La méticulosité apportée à cet album s’en ressent. Son art de l’aquarelle illumine chaque page, tout particulièrement celles se déroulant au milieu d’une forêt luxuriante fréquentée par d’étranges licornes dont on se demande si elles ne sont pas le résultat d’une transmutation génétique. Fable écologique, La Forêt millénaire est aussi un conte fantastique dont le message est de rappeler à l’homme la seule posture qu’il se doit d’adopter face à la nature : l’humilité.

Une planche de « La Forêt millénaire », de Jirô Taniguchi. / JIRÔ TANIGUCHI / RUE DE SÈVRES

Etonnamment, ce n’est pas la première fois que Jirô Taniguchi a recours à la télépathie avec les animaux. Dans La Montagne magique (Casterman, 2007), un adolescent entrait déjà en contact avec une salamandre. « Ces enfants qui ont la faculté d’entendre la nature symbolisaient pour Jirô ­Taniguchi quelque chose de la jeunesse, avec ses immenses possibilités, mais que le passage à l’âge adulte fait peu à peu disparaître, explique son éditeur japonais, Motoyuki Oda, dans le dossier (passionnant) qui clôt l’ouvrage.
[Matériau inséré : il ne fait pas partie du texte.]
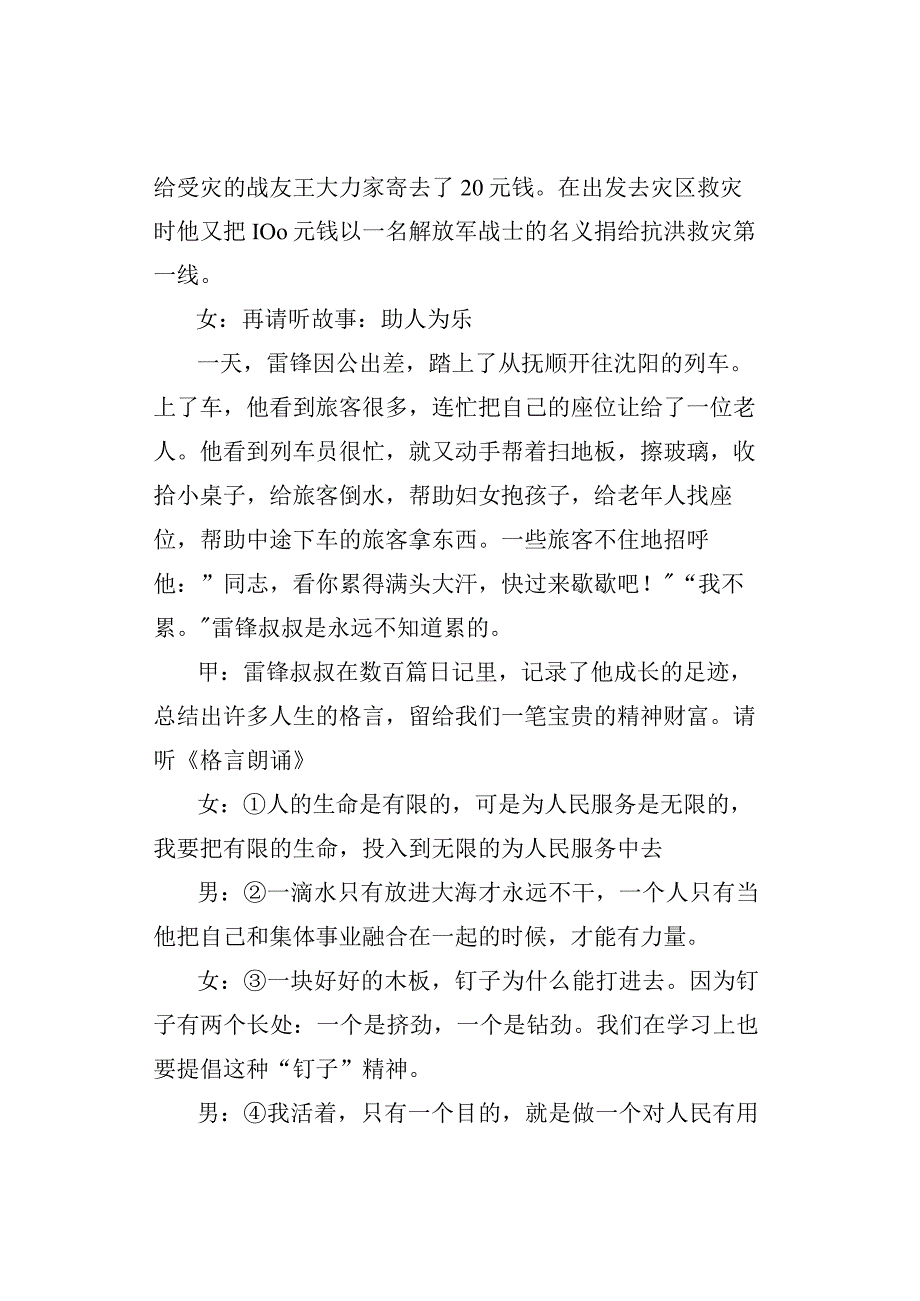 校园广播站广播稿.docx_第3页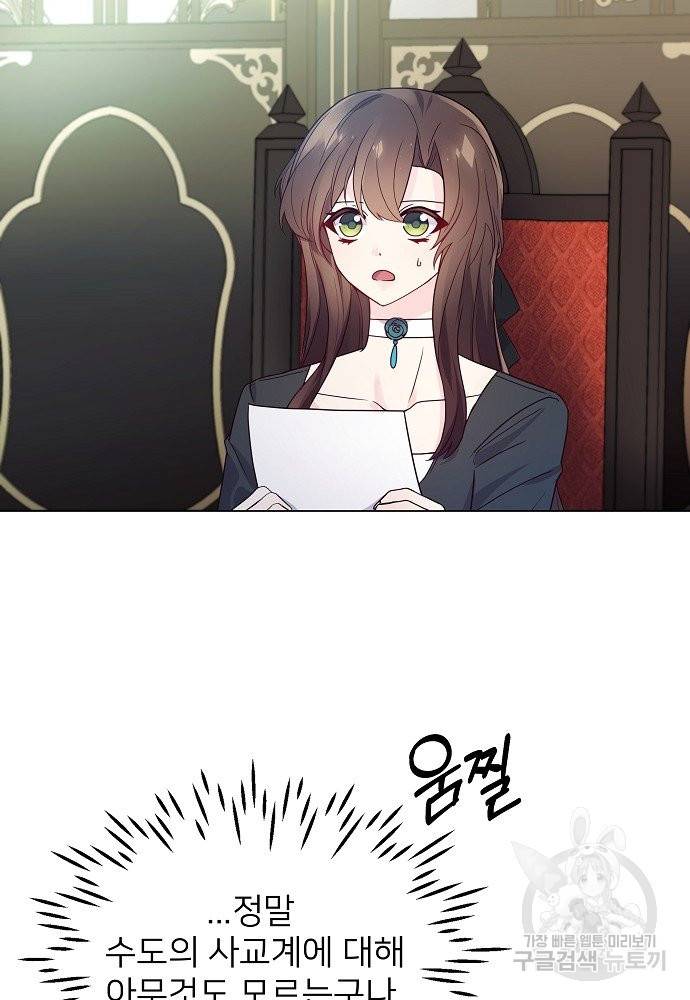 위험한 피앙세 11화 6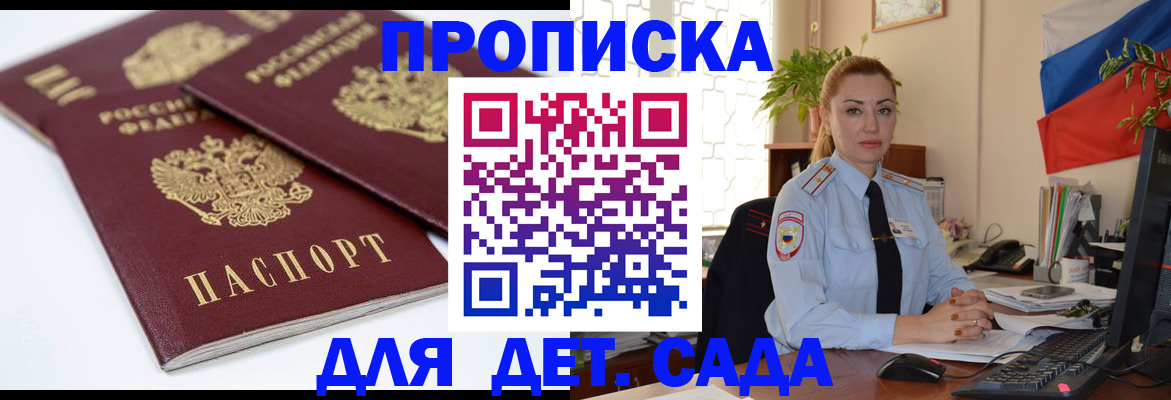 прописка штамп в Ельне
Alors qu’enfant on entend bien, on devient sourd en grandissant. (…) Il s’agit également d’une métaphore du Japon et de ce que son développement rapide, son industrialisation, lui a fait perdre ou oublier. »

Ce que le Japon a également perdu, en février cette année, c’est un géant de la bande dessinée.

La Forêt millénaire, Jirô Taniguchi, traduit du japonais par Corinne Quentin, éditions Rue de Sèvres, 70 pages, 18 euros.